The new station will have two large center platforms to allow transfers from Red to Purple Express; it will extend from Wilson south to about Sunnyside; the first new track will be built in between the two west-most (southbound) tracks, where the empty mall and CTA workshops are now, and then one of the old tracks will be "cut over" to the new section; there will be an auxiliary entrance/exit near the Target store (see exhibit boards; there is plenty of space to do this).

And remember that the Mayor and Claypool say there will be extensive new track and signal work on both sides of the station. Plus there's your previously reported rehab of the historic Gerber station house. I've seen $200 million as the value of the job, in a city press release I can't locate at his moment.

I've got to admit, it's exciting. And the work on Morse has been of top quality."

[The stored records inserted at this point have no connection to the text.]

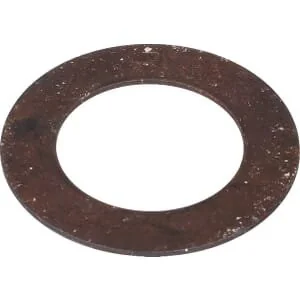 MTD - 7360519 - Rondella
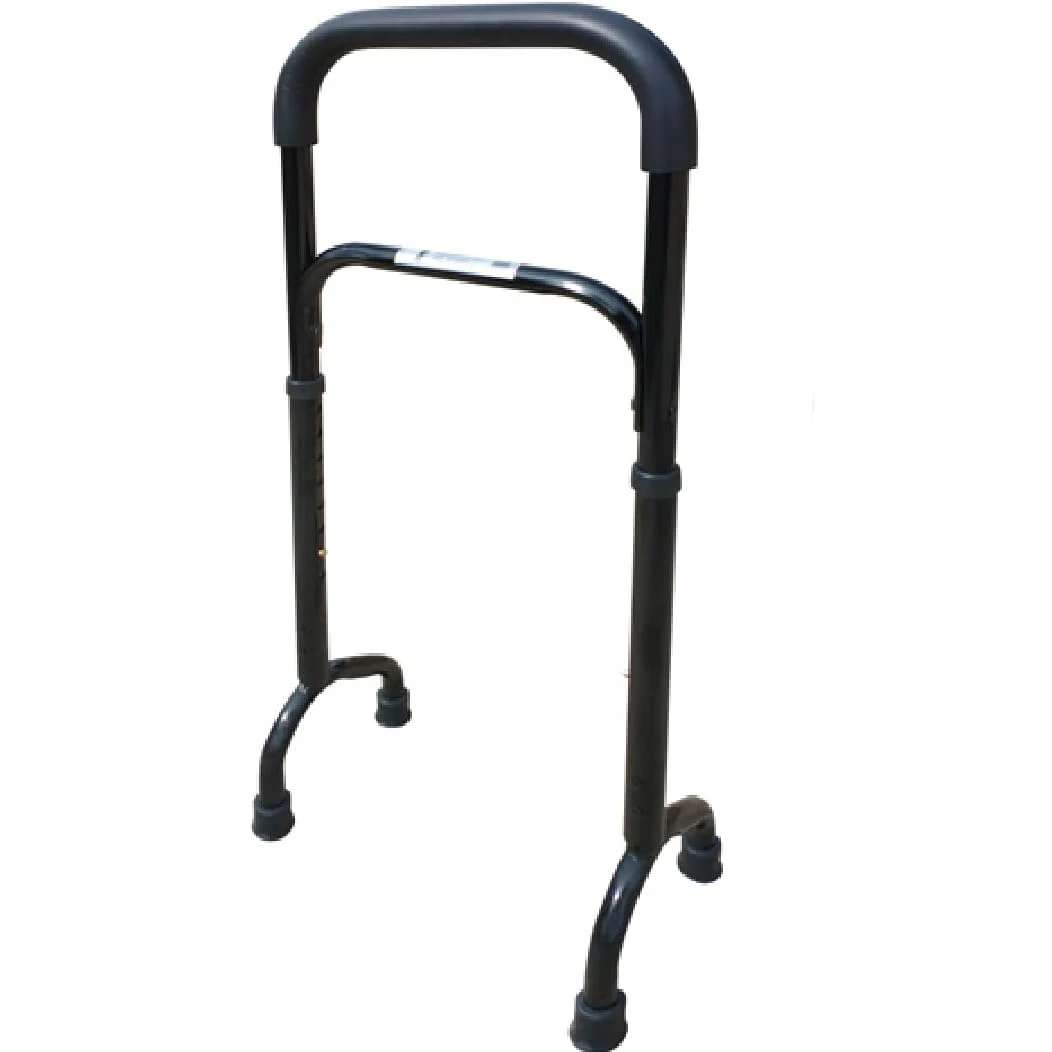 Mason Aluminum Standing Cane For Elderly & Adult Buy Cane height Adjustable aluminum Product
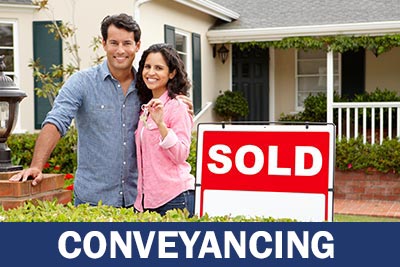 Conveyancing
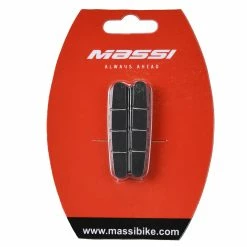 Patin De Frein Massi Shimano -Elvedes Soldes 21400 1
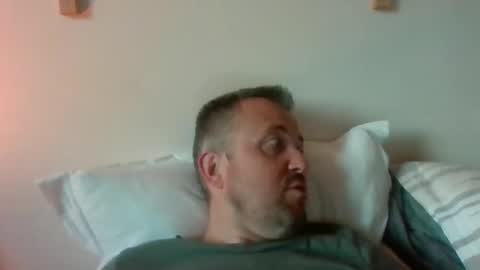 Sb online show from 04.06.26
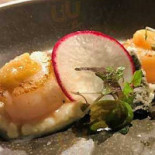 Zushi
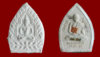 upload_2025-5-29_19-32-12.png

  1. This is exciting. Do we think maybe another positive byproduct of all this activity in renovating the Wilson stop may make this stretch of Broadway a bit safer during certain times of the day given all of the construction activity that will be going on in this area? Did anyone near other renovated spaces notice that it had a similar effect? If so, this would be good for businesses around this stop as well as pedestrians. I know I'd be more apt to walk (which I prefer) over driving to nearby stores like Target in this case :-).

  2. I'd like to see some comparisons to the renderings that appeared a long time ago as just a proposal, not the actual engineering renderings. Are those a pretty good idea of what we'll be getting, or are the current designs taking a much different approach?

  3. I don't think we've seen a single rendering that wasn't total fantasy...I don't mean that in a skeptical won't happen kind of way, I just don't think anything legit has been produced yet.

  4. I cannot wait for the new station and the many benifits Uptown will receive from it. I also hope they get rid of all the people that are hanging out on city property around the station. They sit in chairs, drink beer and smoke drugs in plain view of police cars that drive by them many times daily and I never seen them chased off when I go by.

  5. ...kindly consider this for Uptown Station....

  6. Nicky, yes I also see them in actual chairs or sitting on milk crates. I don't understand why Target doesn't do more to help this situation.

  7. I'm tremendously excited about the rehab of the Wilson station and hope this grand old structure is restored to something approximating its original splendor.

    Every time I enter that station, I contemplate the old marble paneling with the brass handrails, the marble stair, and the scale of the place, and try to visualize it the way it must have looked c.1925, when Uptown was one of the most happening nabes in the country and thousands of people used that station to access the North-South (now the Red Line), the Evanston Express, and the old North Shore interurban.

    I was a CTA employee for a couple of years and was able to see the areas now closed off to the public, such as the former arcade of shops, which is slightly subgrade and now gated off, dark and abandoned. Some CTA people informed me it was closed in the 60s when crime and blight in the area made it unsafe. It can only be accessed by entering the "employees only" area where the restroom is, and you see a darkened corridor, with a grill over the entrance, with the shop windows still intact.

    The only problem with this great old station is that it is so bizarrely configured that it would be impossible to install elevators and escalators with the current configuration. I wonder what will finally happen to it when CTA begins the rebuild of the entire line, complete with a new elevated structure and track, in 5 years or so. Perhaps it will be gutted, the old staircase that was once so grand gutted out, and the beautiful facade restored. Some people have proposed an entire new station at Montrose to replace it, with the old station restored and converted to commercial use.

    It will be interesting to watch. I hope we make the right decision because whatever is done there is going to be very, very costly.